Santro: The Car That Built A Company book review
11th Oct 2018 4:27 pm
One of the most incredible success stories of our time, told by the man who sat in the driver’s seat. We review the book.
BVR Subbu and the Santro are both extremely important bits of Indian automotive history and folklore. On the face of it, the little Santro didn’t look like it was headed for success when it was showcased back in September 1998. In fact, as Subbu says, “most didn’t give it a snowball’s chance in hell.” The design was unconventional to say the least, the company was unknown and the Koreans who first came to India knew almost nothing of the market. This then is the story of the Santro, from the inside, from the man who did more than any other to make it a success. And it is a fascinating story, told with tremendous passion and, it must be said, respect for his Korean colleagues.
Subbu starts off with some very interesting revelations about the Indian car industry in chapter 1 or ‘The world as it was then’. Oh no, I said, history lesson, but it isn’t. Stick with it, there are some real eye-openers here. Stuff like how Mercedes-Benz penned the first Indica, how Tata Motors almost started its car-production journey with Audi’s DKW 900, how Maruti went into liquidation in 1977 and how Tata Motors, in 1986, took the dimensions of the Honda City from Autocar (UK) and built a test mule!
Then starts the best part of the book, where you, the reader, get a seldom-seen insight into how the Santro was turned from an unattractive but well-engineered car into a sales success.

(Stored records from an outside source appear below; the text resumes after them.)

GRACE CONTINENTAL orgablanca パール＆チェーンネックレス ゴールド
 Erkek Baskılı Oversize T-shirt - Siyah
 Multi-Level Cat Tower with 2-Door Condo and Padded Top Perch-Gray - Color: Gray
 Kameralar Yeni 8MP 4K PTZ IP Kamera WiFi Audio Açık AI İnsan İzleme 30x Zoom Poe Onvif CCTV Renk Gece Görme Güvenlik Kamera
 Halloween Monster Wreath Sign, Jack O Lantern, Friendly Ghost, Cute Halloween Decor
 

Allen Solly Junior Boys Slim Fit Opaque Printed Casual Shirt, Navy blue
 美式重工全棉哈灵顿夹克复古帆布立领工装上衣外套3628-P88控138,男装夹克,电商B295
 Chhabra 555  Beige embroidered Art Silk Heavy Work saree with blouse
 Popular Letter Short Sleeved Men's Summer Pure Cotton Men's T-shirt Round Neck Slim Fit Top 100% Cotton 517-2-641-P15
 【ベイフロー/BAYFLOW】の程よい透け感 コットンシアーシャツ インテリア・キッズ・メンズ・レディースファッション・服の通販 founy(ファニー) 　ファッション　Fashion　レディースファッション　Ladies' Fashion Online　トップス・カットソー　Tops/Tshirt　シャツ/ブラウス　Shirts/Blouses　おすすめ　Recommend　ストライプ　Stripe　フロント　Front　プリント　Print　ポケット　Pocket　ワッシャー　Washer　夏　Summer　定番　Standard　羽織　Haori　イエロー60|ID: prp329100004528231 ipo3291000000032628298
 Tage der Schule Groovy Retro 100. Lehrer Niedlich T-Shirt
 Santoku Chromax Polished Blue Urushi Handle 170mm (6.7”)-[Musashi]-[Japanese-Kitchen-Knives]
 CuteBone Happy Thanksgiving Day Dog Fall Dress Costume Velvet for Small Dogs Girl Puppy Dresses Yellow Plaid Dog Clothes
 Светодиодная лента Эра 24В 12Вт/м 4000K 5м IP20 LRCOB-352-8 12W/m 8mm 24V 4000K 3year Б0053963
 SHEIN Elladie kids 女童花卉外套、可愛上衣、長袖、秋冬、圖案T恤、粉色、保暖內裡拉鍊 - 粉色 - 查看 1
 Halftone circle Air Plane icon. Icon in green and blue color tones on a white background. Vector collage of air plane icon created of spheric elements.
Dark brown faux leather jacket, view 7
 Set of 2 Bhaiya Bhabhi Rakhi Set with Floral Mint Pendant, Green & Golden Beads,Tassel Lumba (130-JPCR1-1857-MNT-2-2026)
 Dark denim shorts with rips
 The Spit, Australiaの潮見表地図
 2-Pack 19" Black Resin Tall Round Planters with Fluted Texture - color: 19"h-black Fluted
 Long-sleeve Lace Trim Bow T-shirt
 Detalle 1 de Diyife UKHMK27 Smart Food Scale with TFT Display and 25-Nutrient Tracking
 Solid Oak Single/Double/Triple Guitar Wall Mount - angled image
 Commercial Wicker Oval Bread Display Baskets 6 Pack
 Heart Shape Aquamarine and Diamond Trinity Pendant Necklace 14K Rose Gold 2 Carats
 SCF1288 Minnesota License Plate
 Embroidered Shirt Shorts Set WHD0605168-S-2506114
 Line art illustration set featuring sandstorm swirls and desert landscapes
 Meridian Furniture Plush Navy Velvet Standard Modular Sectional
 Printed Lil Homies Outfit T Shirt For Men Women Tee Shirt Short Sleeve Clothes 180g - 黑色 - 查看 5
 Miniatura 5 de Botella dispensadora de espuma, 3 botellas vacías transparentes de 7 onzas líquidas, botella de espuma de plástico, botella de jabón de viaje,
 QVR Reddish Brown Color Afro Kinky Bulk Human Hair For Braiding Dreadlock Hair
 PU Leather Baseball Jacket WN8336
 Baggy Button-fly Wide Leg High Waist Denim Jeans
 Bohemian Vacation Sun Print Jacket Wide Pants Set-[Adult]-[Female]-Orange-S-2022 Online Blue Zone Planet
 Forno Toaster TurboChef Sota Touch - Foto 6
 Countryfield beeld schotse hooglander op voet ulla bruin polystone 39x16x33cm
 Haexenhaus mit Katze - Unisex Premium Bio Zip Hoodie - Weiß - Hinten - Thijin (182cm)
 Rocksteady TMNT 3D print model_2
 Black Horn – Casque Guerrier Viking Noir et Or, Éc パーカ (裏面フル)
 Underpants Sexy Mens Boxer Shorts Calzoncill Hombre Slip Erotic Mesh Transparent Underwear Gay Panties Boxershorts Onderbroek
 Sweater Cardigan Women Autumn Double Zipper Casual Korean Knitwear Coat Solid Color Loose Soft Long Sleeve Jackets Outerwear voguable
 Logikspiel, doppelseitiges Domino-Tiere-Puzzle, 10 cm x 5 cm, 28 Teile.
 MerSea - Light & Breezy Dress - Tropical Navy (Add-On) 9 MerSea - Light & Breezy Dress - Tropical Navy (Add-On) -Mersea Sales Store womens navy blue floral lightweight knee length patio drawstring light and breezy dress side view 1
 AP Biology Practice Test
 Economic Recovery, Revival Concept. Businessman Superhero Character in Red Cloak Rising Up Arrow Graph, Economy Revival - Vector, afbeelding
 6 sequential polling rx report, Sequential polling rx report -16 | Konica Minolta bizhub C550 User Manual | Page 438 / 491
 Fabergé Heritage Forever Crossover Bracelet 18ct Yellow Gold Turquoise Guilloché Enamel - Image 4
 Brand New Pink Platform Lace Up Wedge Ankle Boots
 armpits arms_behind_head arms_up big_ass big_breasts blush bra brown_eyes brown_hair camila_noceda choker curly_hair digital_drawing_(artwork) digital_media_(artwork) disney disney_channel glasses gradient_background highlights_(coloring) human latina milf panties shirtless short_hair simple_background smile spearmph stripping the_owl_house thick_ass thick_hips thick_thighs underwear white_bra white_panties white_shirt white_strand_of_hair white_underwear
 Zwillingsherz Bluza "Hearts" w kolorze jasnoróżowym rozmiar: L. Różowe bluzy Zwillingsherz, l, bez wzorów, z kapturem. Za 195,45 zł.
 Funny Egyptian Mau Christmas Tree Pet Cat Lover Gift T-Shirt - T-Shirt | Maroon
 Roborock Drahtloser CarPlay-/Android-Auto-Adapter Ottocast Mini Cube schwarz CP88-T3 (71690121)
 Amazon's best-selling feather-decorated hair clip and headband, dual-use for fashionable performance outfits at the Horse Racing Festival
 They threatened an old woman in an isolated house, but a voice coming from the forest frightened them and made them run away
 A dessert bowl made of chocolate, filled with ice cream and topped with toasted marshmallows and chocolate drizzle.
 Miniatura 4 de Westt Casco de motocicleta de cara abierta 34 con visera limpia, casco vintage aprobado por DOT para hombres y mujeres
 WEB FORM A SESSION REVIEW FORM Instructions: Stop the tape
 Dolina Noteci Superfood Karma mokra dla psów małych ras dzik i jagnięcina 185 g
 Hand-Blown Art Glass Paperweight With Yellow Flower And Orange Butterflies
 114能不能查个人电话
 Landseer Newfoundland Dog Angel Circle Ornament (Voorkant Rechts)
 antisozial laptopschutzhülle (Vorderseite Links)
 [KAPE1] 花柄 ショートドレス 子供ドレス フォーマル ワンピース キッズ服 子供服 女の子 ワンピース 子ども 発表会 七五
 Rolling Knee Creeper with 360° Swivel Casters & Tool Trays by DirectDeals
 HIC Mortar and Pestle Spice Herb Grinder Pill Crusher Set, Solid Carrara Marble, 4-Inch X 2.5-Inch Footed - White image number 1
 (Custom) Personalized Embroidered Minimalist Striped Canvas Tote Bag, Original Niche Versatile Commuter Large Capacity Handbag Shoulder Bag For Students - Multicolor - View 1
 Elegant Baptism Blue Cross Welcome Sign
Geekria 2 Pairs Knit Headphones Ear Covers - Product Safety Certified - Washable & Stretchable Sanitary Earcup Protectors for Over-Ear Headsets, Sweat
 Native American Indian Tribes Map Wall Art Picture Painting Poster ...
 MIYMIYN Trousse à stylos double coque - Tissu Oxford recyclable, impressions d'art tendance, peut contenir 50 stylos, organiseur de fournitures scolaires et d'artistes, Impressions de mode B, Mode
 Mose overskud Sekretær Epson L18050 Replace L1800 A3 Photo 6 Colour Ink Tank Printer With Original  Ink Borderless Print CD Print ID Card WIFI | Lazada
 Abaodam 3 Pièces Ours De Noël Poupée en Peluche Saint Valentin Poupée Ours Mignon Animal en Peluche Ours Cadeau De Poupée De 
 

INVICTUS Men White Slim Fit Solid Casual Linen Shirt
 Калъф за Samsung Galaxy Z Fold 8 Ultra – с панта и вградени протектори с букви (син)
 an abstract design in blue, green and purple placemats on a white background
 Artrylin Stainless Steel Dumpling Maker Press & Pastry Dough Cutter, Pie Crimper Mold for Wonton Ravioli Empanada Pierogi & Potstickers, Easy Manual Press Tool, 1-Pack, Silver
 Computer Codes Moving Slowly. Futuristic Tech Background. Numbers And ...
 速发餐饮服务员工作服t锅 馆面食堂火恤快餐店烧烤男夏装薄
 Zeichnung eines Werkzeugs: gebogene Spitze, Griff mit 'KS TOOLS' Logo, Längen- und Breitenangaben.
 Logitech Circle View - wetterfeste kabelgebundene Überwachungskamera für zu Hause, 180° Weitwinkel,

Subbu’s memory, field of vision and clear definition of the battlefield paint a vivid picture. Some highlights include how the styling was changed for India, how he emphasised the need for a larger and more powerful engine by demonstrating what he called ‘the Peddar Road Syndrome’ (where a loaded car has to power up a long slope in a city like Mumbai), how the performance of the air-con unit was bumped up to meet the demands of Indian car buyers and how Hyundai contributed to the Army Wives Welfare Association during the launch of the car.
Subbu often quotes Mao, quite effectively, draws parallels with military strategy and explains his approach and solution to a problem by often going back to his days in Tata Motors, who he says “taught him everything he knows”; something I’ve often heard him say in person.
And then there’s how he turned the introduction of Euro-II emission norms into a showcase of the Santro engine’s technical sophistication.
Subbu has also dedicated a lot of space to how Shah Rukh Khan was convinced to be Hyundai’s brand ambassador, with a fascinating insight into the man, his approach and why and how he played his part in the Santro success story.
It’s clear from the book that Subbu thoroughly enjoyed his Hyundai journey and it is clear he enjoys telling the Santro story too. A must read if you are interested in the Indian car industry, and what makes it tick.